Il viaggio nel tempo permette di incontrare personaggi vissuti in altre epoche, ma cosa succederebbe se si prendessero una miriade di persone provenienti da periodi storici differenti e le si mettesse insieme?

Una risposta a questo quesito provano a darla Arthur C. Clarke e Stephen Baxter, che con L'occhio del tempo iniziano una trilogia dove l'odissea si trasferisce dallo spazio al tempo.

L'idea di base del romanzo è grandiosa, qualcuno ha tagliato a pezzi la Terra, anzi le Terre di differenti epoche a partire da due milioni di anni nel passato, e ha assemblato in un singolo istante un nuovo pianeta.

I pezzi di questo gigantesco mosaico non combaciano perfettamente, e ciascun pezzo contiene umani, ominidi e animali di epoche differenti, un miscuglio dal quale non possono che nascere guai.

Su tutto vegliano, impassibili, gli Occhi, le misteriose sfere fluttuanti, probabilmente responsabili dell'accaduto, manufatti provenienti da una dimensione dove le costanti del nostro universo non hanno valore.

Sul nuovo pianeta, che sarà chiamato Mir, tre soldati delle Nazioni Unite, provenienti dal 2037, si trovano a contatto con un contingente dell'esercito imperiale inglese e due femmine protoumane, in un Afghanistan improvvisamente spopolato.

Anche tre astronauti in orbita, due russi e una americana, si ritrovano improvvisamente tagliati fuori da ogni contatto radio, e sono costretti a un rientro senza nessun appoggio da terra.

Ambedue i gruppi entrano in contatto con due grandissimi condottieri, gli inglesi incontrano Alessandro Magno, impegnato nella sua marcia verso est, mentre gli astronauti cadono nelle mani di Genghis Khan e dell'esercito mongolo.
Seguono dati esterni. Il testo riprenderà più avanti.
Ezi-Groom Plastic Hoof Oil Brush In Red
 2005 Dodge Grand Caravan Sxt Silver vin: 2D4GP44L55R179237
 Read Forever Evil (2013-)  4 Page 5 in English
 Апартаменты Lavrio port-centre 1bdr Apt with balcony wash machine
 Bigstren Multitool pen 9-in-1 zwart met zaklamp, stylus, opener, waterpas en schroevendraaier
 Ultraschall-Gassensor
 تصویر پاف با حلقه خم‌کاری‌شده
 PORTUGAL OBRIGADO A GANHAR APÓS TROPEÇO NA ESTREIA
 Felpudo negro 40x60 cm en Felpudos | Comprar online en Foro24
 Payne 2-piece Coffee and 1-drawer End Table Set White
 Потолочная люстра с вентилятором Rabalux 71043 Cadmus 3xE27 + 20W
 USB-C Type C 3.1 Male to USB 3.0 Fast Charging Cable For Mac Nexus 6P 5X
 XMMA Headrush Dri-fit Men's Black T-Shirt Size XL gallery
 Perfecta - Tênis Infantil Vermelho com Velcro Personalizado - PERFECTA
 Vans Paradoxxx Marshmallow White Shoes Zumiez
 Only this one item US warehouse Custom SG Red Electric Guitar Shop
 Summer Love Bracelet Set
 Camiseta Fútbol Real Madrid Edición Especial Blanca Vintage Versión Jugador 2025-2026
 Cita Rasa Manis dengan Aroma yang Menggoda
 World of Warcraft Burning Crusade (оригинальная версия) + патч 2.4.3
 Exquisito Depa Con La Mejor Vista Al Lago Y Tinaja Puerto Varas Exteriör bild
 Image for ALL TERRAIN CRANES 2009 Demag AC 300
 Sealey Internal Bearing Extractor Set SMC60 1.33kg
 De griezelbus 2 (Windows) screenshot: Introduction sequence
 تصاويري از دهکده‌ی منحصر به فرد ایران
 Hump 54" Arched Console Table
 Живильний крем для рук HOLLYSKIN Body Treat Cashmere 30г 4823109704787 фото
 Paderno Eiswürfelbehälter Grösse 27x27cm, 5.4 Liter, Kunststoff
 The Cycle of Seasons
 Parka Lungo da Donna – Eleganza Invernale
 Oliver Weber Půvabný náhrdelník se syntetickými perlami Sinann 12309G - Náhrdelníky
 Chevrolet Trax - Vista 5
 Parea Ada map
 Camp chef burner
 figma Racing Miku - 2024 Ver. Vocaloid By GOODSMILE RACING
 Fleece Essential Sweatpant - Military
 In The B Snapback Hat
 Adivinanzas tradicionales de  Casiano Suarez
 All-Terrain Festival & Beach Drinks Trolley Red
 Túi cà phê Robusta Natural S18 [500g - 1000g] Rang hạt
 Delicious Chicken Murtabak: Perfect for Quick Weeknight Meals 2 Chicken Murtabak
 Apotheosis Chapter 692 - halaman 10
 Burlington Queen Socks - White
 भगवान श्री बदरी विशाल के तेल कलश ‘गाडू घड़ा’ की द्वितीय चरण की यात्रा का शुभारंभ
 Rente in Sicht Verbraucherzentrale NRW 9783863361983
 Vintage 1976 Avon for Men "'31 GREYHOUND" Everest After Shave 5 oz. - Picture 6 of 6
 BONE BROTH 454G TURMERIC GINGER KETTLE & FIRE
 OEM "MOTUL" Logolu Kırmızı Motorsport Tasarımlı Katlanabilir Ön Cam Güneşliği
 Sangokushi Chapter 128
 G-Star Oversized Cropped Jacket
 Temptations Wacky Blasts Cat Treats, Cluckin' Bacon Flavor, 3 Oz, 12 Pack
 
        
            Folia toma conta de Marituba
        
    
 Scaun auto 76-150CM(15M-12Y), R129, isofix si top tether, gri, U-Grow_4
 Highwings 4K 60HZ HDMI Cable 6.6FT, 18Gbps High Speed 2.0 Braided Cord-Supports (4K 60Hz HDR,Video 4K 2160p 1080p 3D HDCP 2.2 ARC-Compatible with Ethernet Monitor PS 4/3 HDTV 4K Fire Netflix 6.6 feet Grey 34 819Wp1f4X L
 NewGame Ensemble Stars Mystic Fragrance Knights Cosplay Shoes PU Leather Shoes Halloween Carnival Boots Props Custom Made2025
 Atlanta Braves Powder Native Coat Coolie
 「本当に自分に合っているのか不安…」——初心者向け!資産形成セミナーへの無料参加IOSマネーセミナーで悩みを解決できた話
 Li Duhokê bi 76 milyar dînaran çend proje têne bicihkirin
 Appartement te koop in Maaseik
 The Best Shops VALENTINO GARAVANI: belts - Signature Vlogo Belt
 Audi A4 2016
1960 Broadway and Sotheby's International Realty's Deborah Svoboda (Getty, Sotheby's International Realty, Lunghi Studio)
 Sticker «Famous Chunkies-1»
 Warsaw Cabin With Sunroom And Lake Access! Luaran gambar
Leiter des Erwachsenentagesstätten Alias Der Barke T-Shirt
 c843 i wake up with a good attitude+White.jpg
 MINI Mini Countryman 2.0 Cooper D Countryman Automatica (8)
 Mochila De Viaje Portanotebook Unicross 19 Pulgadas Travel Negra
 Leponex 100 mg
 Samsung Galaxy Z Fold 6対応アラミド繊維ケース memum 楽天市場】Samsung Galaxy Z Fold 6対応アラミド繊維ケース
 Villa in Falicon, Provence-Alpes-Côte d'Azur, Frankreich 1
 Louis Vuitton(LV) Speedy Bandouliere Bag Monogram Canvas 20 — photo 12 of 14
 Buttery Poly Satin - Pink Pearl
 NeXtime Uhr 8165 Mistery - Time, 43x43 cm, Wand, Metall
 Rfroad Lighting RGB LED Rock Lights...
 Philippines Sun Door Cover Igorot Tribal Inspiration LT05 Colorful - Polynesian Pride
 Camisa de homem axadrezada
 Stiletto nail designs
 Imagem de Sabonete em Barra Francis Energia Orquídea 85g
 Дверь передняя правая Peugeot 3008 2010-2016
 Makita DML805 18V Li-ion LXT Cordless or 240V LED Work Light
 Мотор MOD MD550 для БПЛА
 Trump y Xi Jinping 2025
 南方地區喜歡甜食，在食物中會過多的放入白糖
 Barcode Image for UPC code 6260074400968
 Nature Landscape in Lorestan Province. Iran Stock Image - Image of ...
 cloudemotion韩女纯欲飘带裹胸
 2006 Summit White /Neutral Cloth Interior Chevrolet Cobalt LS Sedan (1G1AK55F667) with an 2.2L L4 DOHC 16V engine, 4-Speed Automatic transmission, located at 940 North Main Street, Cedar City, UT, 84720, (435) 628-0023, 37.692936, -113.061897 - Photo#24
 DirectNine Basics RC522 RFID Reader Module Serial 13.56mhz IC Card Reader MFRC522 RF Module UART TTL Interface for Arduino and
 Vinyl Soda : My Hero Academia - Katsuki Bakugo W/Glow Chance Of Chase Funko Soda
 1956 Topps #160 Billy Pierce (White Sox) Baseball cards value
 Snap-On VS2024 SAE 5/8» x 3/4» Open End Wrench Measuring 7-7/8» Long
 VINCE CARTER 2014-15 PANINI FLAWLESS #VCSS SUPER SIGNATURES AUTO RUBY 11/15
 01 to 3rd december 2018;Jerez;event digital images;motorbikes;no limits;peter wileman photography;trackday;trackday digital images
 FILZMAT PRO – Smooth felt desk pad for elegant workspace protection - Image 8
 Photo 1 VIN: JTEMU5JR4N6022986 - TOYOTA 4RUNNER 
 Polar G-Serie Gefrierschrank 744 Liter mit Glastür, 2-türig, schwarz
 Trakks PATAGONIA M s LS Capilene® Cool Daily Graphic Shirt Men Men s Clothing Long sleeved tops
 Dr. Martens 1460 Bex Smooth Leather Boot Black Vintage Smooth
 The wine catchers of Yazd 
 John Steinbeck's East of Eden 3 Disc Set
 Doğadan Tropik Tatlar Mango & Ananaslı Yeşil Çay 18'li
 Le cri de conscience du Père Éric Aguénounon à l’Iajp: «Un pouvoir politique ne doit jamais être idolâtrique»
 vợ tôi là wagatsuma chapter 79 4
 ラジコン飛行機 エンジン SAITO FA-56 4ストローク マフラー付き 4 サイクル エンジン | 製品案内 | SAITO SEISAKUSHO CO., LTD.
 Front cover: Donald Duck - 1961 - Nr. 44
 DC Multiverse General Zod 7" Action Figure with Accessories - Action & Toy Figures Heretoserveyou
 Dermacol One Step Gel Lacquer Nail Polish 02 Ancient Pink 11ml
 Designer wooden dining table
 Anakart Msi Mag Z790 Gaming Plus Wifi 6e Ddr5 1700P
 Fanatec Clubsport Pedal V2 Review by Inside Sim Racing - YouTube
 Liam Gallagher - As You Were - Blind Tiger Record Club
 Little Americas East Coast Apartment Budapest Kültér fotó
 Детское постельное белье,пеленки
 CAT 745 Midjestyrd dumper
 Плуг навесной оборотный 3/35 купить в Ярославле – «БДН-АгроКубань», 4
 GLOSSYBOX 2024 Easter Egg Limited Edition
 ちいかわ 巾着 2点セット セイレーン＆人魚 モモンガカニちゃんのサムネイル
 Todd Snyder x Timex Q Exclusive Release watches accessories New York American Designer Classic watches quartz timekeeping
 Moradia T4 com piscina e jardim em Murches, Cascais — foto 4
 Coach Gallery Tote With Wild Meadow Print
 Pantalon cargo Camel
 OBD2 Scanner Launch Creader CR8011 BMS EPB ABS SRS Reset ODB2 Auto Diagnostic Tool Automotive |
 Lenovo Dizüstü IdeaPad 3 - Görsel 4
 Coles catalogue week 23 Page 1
Venuti a sapere che da quella che sembra essere la città di Babilonia arriva uno strano segnale, e convinti dai nostri contemporanei, i due imperatori decidono di muovere i loro eserciti e conquistare l'antica Mesopotamia, il che provocherà una battaglia decisamente improbabile, la falange macedone contro la cavalleria mongola.

Non mi facevo eccessive illusioni prima di iniziare la lettura di questo romanzo a quattro mani, e tutto sommato ritengo che la mia diffidenza fosse giustificata, la storia è abbastanza ben scritta, e lo stile di buon livello, ma i personaggi mancano di spessore, con la possibile eccezione della protagonista, Bisesa Dutt, eroica e intelligente peacekeeper ONU, che costituisce il trait d'union tra i romanzi del ciclo.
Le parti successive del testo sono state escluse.